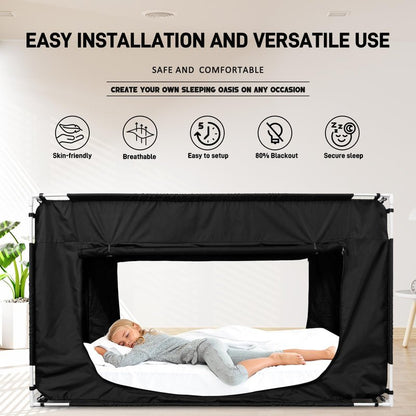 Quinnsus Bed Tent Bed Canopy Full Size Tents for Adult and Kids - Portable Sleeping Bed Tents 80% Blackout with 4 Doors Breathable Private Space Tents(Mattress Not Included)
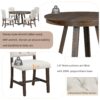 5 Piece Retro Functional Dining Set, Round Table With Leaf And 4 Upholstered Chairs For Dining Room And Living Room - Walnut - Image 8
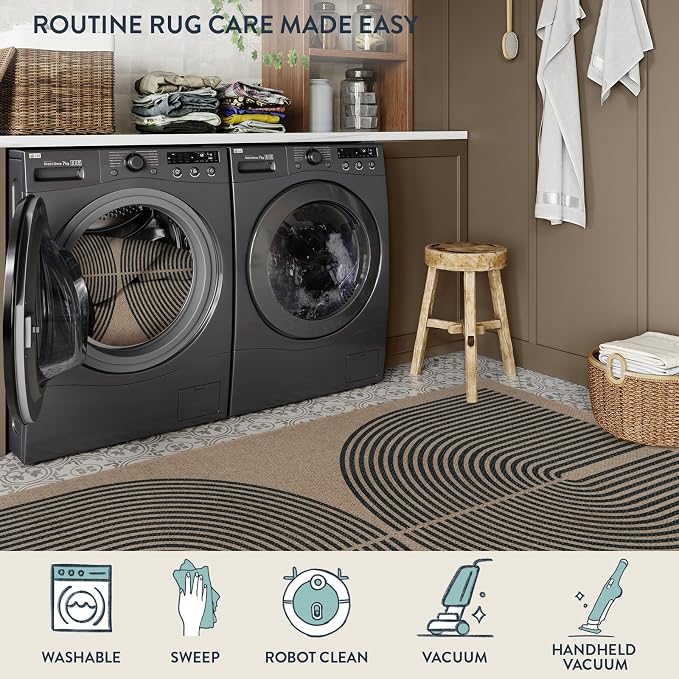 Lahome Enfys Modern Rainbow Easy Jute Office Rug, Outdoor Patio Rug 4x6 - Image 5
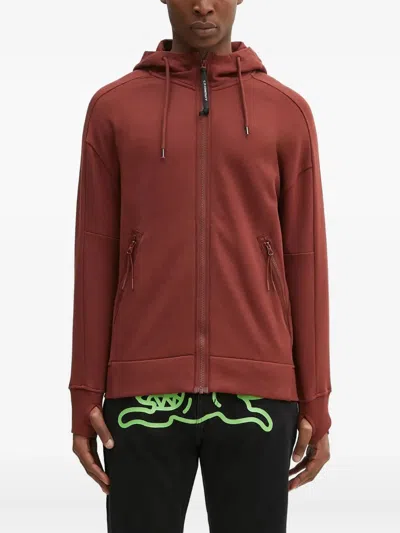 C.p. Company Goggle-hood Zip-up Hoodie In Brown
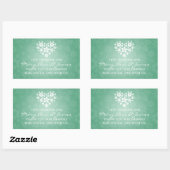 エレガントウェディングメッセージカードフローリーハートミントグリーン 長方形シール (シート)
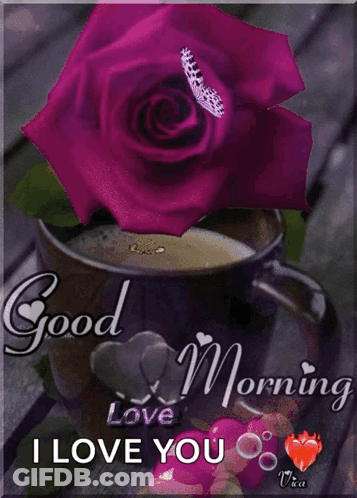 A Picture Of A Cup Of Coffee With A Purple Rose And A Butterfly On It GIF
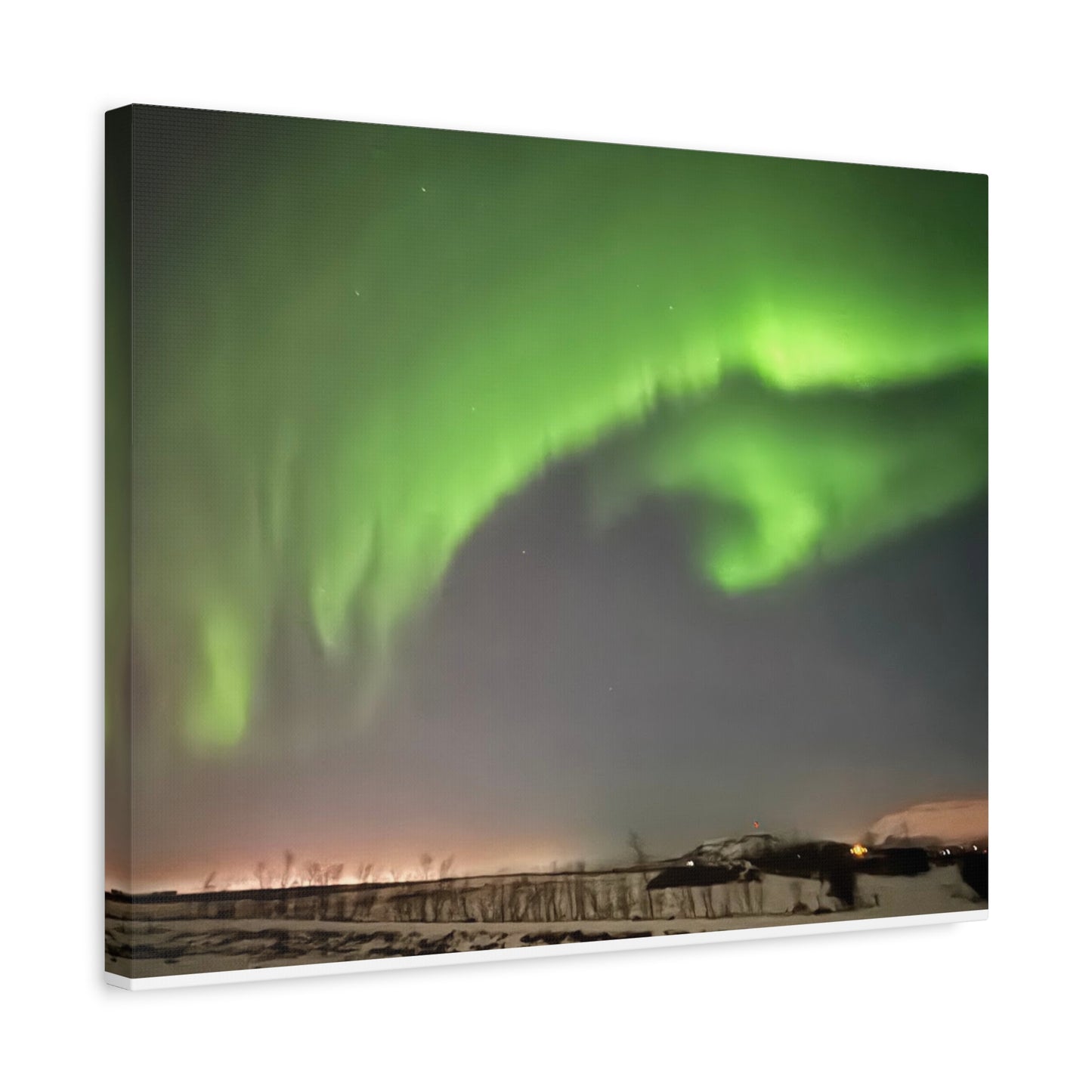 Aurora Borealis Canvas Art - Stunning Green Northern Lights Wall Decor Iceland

::::::::

The lines to copy run from the one with "エレガントウェディングメッセージカードフローリーハートミントグリーン 長方形シール (シート)" through the end of the material. Write them out exactly, leaving out the pictures.

 エレガントウェディングメッセージカードフローリーハートミントグリーン 長方形シール (シート)
 A Picture Of A Cup Of Coffee With A Purple Rose And A Butterfly On It GIF
 Aurora Borealis Canvas Art - Stunning Green Northern Lights Wall Decor Iceland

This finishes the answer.